Exercise goal - Repeat the stretch of entries below from the line with "Albardilla de aluminio 250mm - Modelo 1" through the line with "New 2026 Light Blue Ford XLT image 3". Include both ends and add nothing.

Supplied entries -
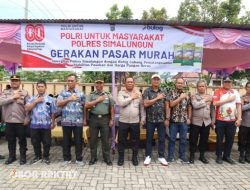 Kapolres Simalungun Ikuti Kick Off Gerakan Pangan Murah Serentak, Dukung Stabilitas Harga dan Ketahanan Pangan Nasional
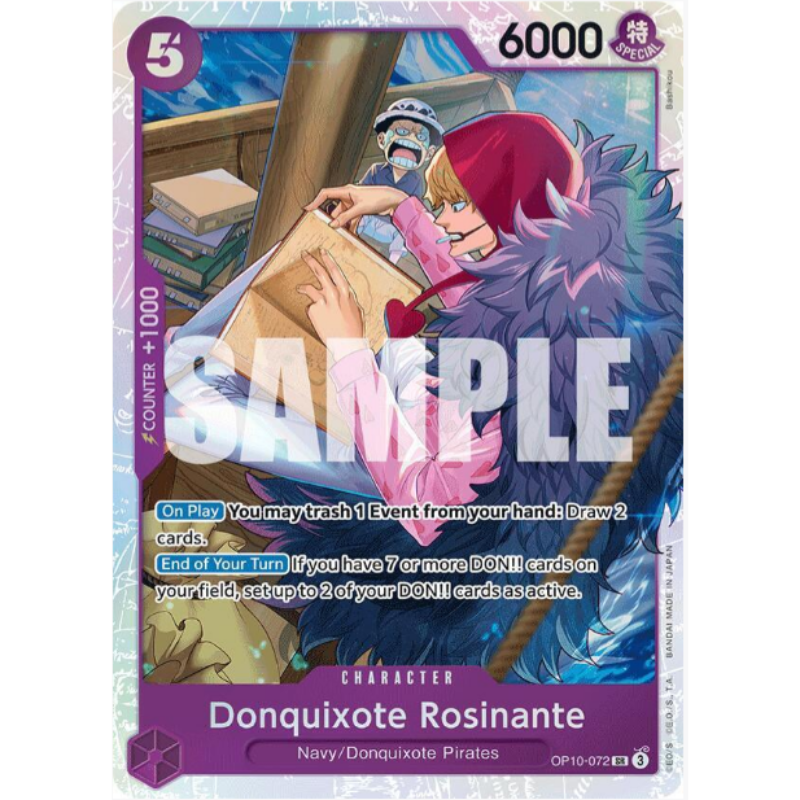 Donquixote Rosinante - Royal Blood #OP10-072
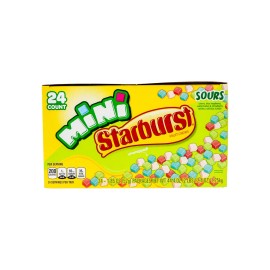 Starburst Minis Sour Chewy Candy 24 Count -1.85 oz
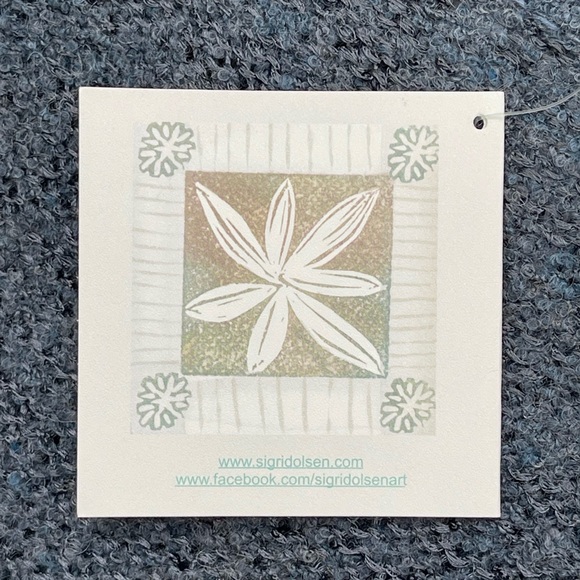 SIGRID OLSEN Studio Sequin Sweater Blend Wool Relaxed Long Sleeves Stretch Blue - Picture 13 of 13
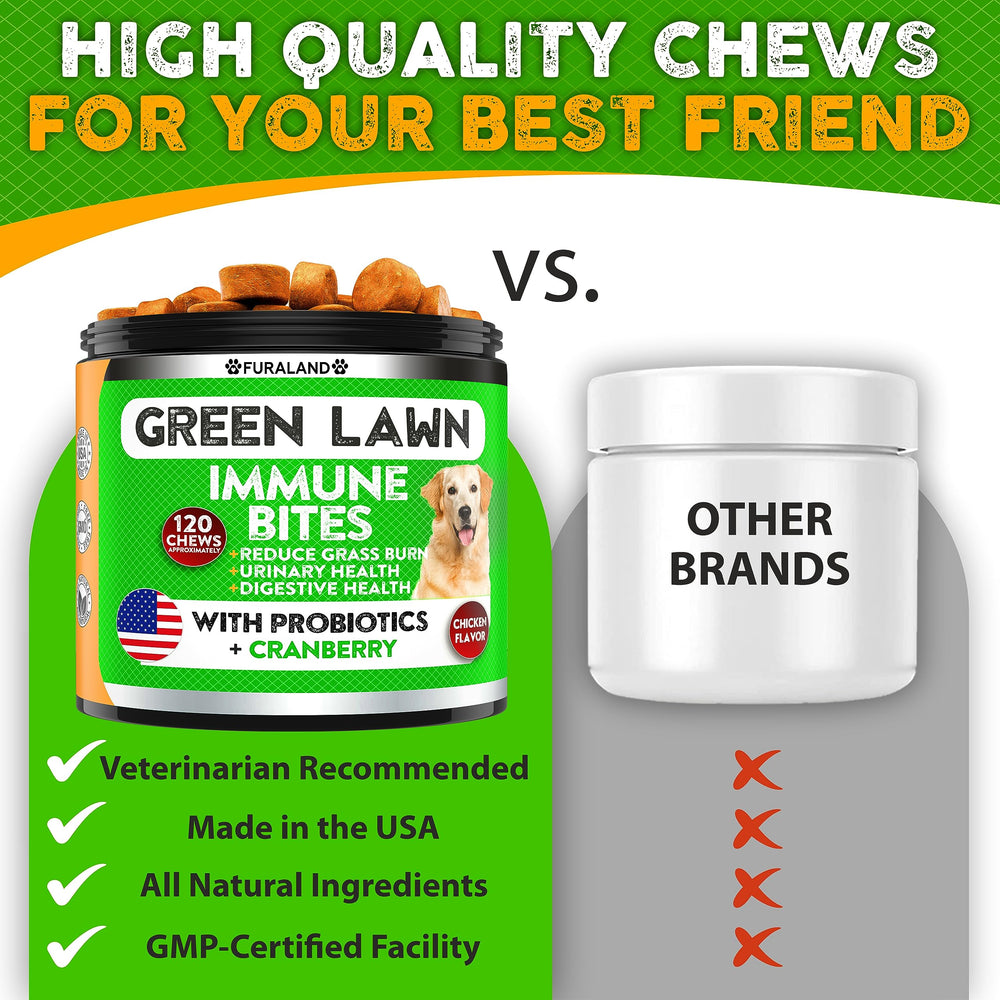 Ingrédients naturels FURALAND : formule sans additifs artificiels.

==

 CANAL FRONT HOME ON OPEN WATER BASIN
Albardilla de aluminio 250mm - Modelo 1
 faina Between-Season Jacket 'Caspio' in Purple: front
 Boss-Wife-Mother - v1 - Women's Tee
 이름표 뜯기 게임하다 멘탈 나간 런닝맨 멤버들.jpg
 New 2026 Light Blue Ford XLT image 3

Exercise solution -
Albardilla de aluminio 250mm - Modelo 1
 faina Between-Season Jacket 'Caspio' in Purple: front
 Boss-Wife-Mother - v1 - Women's Tee
 이름표 뜯기 게임하다 멘탈 나간 런닝맨 멤버들.jpg
 New 2026 Light Blue Ford XLT image 3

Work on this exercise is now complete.